■ **Work required**
There should be no pictures in your answer, only an exact copy of the lines from the one with "THREE STAG MINSTREL FOUR DRAWER CHESTS A/F" through the end of the material.

■ **Supplied information**
--- START ---

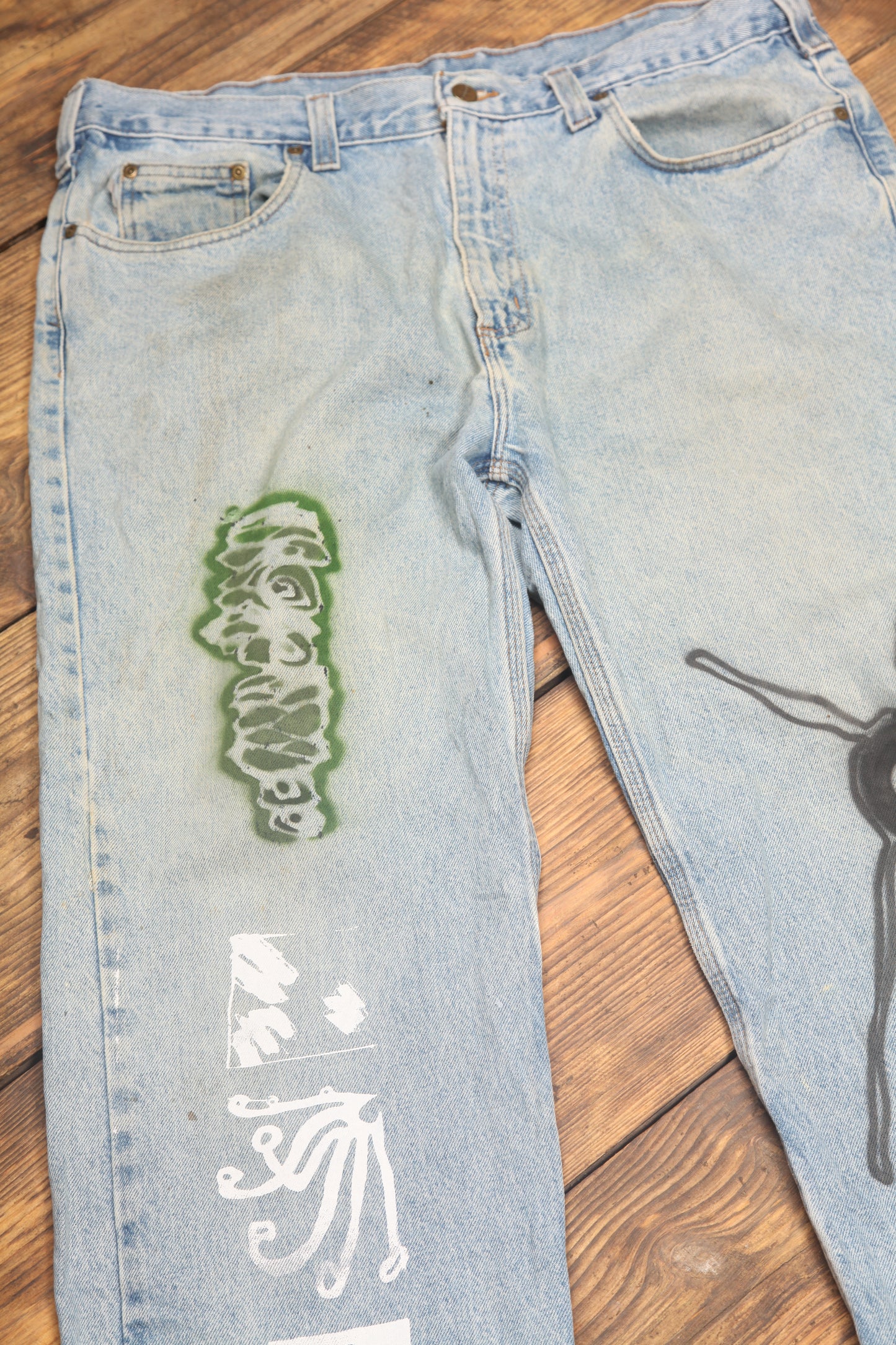 Upcycled Screenprint Carhartt Jeans (W38)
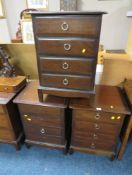 THREE STAG MINSTREL FOUR DRAWER CHESTS A/F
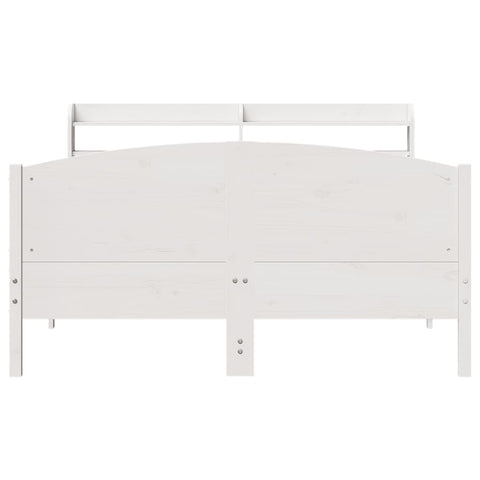 vidaXL Bed Frame without Mattress White 150x200 cm King Size Solid Wood Pine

--- END ---

■ **Answer section**
 THREE STAG MINSTREL FOUR DRAWER CHESTS A/F
 vidaXL Bed Frame without Mattress White 150x200 cm King Size Solid Wood Pine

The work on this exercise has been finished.